Left ventricular samples from end-stage heart failure patients have increased expression of necroptotic proteins, suggesting a role for necrotptosis in heart failure[57]. In DIC specifically, necrostatin-1 has a protective effect in vitro, while dexrazoxane during doxorubicin treatment is both able to downregulate apoptosis and necroptosis suggesting the involvement of both pathways in the pathogenesis of DIC[58]. In addition, doxorubicin activates necroptosis through an alternative and novel necroptotic pathway, which together with necrosis causes more cell death than apoptosis (Fig. 3)[59]. Doxorubicin upregulates RIPK3 which binds and phosphorylates calmodulin kinase II (CaMKII) which in turn regulates the opening of the mitochondrial permeability transition pore (mPTP) leading to necroptosis and apoptosis.

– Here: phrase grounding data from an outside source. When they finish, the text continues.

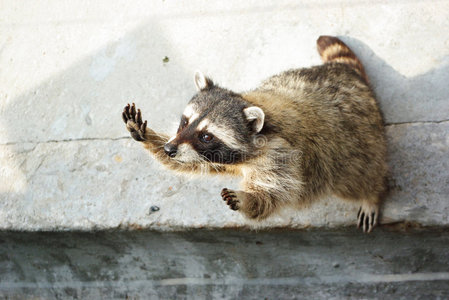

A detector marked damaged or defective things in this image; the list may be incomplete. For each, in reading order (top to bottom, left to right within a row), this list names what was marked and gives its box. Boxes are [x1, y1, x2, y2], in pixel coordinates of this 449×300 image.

crack in concrete [0, 118, 446, 146]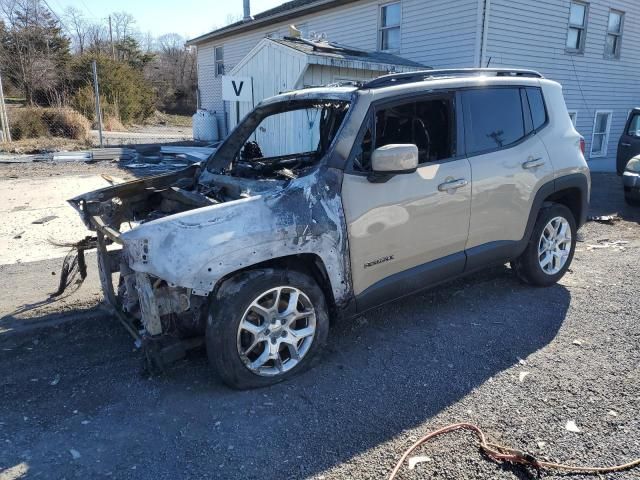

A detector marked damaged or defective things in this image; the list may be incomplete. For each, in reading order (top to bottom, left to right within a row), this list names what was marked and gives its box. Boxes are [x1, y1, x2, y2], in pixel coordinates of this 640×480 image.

fire-damaged front end [68, 89, 358, 368]
burned jeep renegade suv [70, 68, 592, 390]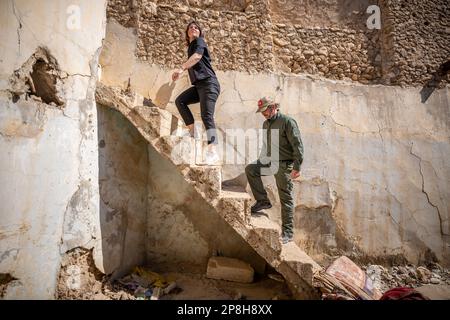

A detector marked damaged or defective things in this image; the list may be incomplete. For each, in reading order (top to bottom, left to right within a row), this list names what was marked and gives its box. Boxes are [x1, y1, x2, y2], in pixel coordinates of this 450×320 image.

damaged plaster wall [0, 1, 107, 298]
damaged plaster wall [96, 105, 148, 278]
damaged plaster wall [98, 18, 450, 266]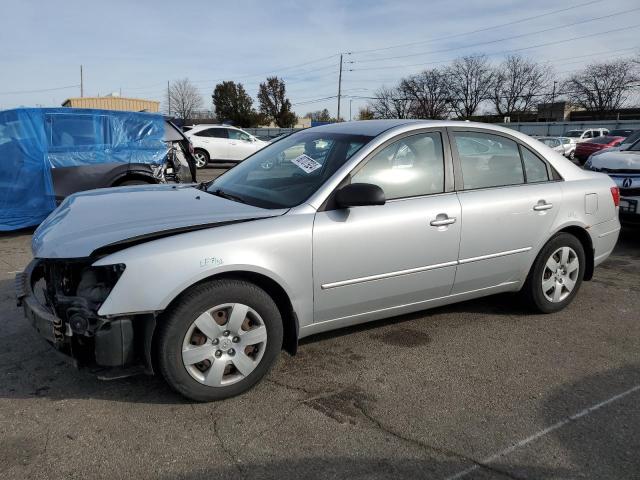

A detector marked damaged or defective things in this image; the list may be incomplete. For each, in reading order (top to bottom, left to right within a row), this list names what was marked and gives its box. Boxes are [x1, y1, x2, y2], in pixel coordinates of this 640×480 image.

damaged front end [16, 258, 152, 376]
damaged bumper area [15, 258, 154, 376]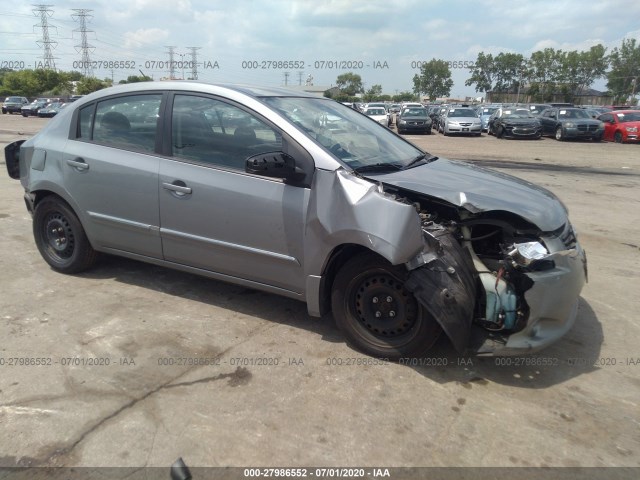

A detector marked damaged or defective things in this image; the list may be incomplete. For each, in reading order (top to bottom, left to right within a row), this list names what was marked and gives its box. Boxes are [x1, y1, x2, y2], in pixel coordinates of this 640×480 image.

crumpled hood [368, 158, 568, 232]
damaged front end of car [372, 163, 588, 354]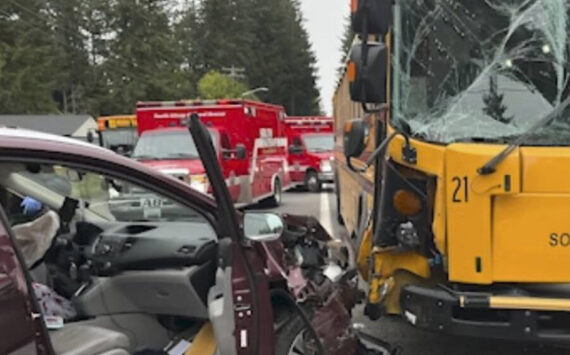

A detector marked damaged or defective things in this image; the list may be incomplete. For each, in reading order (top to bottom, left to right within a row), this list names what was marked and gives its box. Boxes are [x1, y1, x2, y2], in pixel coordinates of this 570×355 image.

shattered bus windshield [392, 0, 568, 145]
torn metal panel [392, 0, 568, 145]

Evidently, necroptosis can occur in the absence of RIPK1 and MLKL[59]. The characterization of the exact players in doxorubicin-induced necroptosis will allow the identification of novel agents that may block this pathway. To date, necrostatin-1 and KN-93, a CAMKII inhibitor, have shown protection from DIC in experimental models[58,59].

Pyroptosis

Pyroptosis was first demonstrated in 2001[60] and is now widely recognized to play a crucial role in the pathogenesis of cardiovascular diseases[61]. Pyroptosis is characterized by increased inflammation and activation of caspase -1, caspase-3, caspase-4, and caspase-11 as well as NLR family pyrin domain containing 3 (NLRP3) leading to the cleavage of Gasdermin D (GSDMD) or GSDME and to the rupture of the plasma membrane that allows the release of interleukin-1beta (IL-1β) and IL-18[62-64].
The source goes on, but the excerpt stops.